September is National College Savings Month: So?

By proclamation (actually, House Concurrent Resolution 270, passed by the 108th Congress on October 15, 2003), Congress endorsed September as College Savings Month, "... in order to raise public awareness about the need to save for educational expenses". This was at the request of the National Association of State Treasurers and the College Savings Plan Network (the people that bring you the state-run 529 plans.).

So?

Are we unaware of the need to save for college? I didn't think so. Most people see saving for college as similar to going to the doctor for a yearly checkup, or cutting out fatty foods from your diet. You know you have to do it, but the impact of NOT doing it today won't be felt for a while, so you put it off. And maybe you get to it too late.

But the parallel I want to draw is with seat belts. The regular acceptance by the driving public of the simple and unconscious act of fastening your seat belt took time, but has paid huge dividends. The reduction in fatalities in due to many factors, including miles travelled, car design, road design, traffic regulations and enforcement, as well as seat belts. But a Harvard study indicated that the increase in seat belt use seen in the chart below repesents a 10% reduction in fatalities. This is much cheaper and easier than buying a safer car, or paying for safer highways.

Seat Belt, Fatality Rate, History
Source: NHTSA
The mindset you have to have for saving for college is similar to seat belts - there may be resistance or relucatance at first, but once you get into the regular habit, it's automatic and painless. And the earlier you start, the more impact you can have (no pun intended). College savings needs to start early - no later than when the child starts kindergarten - to get into the habit of saving at least something. And when you use an automatic deduction to fund a 529 Plan, a brokerage account, or savings bonds, it quickly becomes painless.

An early start is important, as time will be your ally if you let it.
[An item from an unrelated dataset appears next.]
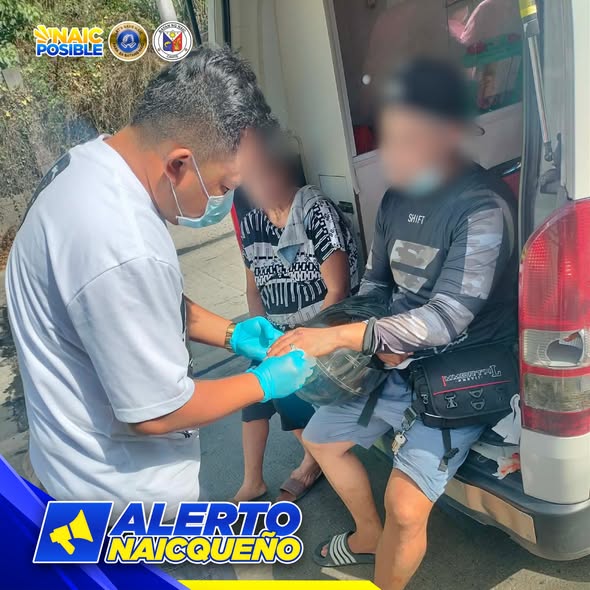 Mga rumespondeng MDRRMO na tumutulong sa sugatang sakay ng van sa Brgy. Timalan Balsahan, Naic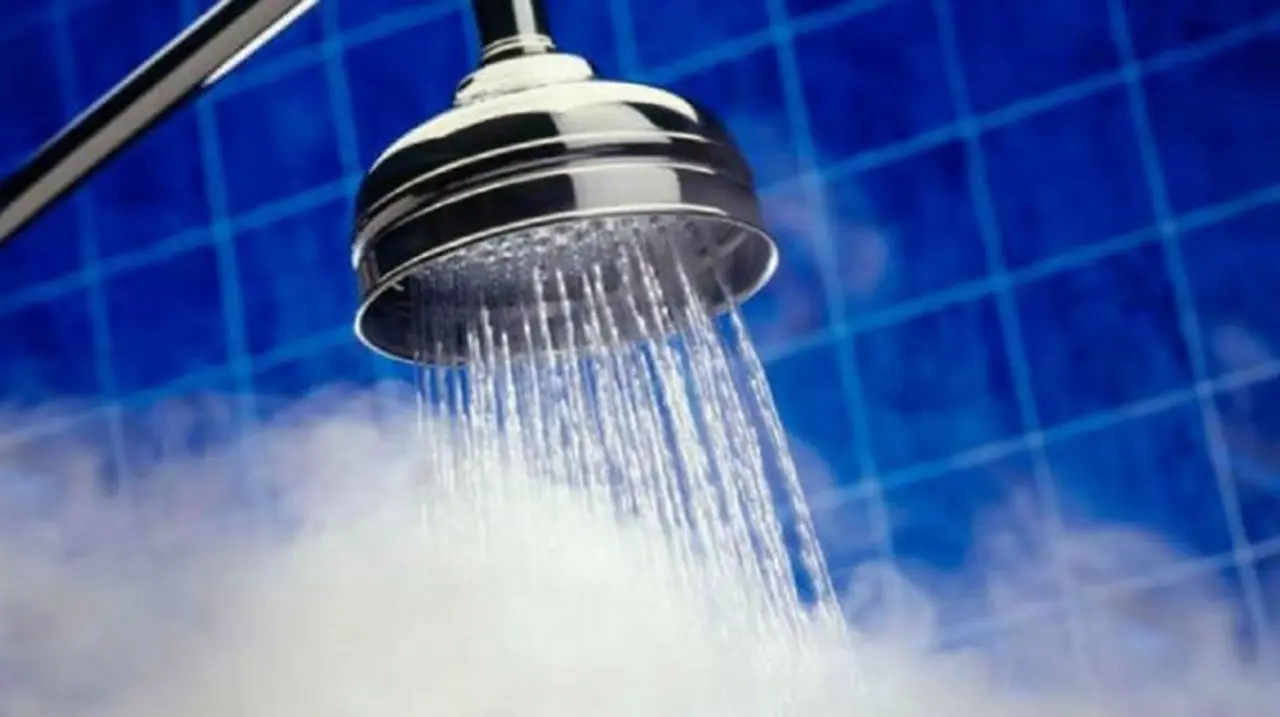 Revelan cuál es el mejor momento del día para ducharse: ¿A la mañana o por la noche?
For a student attending a public school full-time, the current average net price after grants (tuition, fees, room and board, transportation, etc) is $15,200 per year, according to the NPSAS. This is what must be covered by savings, income, scholarships, or loans.The same study shows an average inflation rate of 4.7% for net price after grants (again, full-time public schools) over the 1999-2007 time frame, much less than the often-quoted 8% tuition inflation rate (although state budget issues going forward may increase the net price after grants). The comparable numbers for private schools are a net price after grants of $25,500 with a 4.9% inflation rate.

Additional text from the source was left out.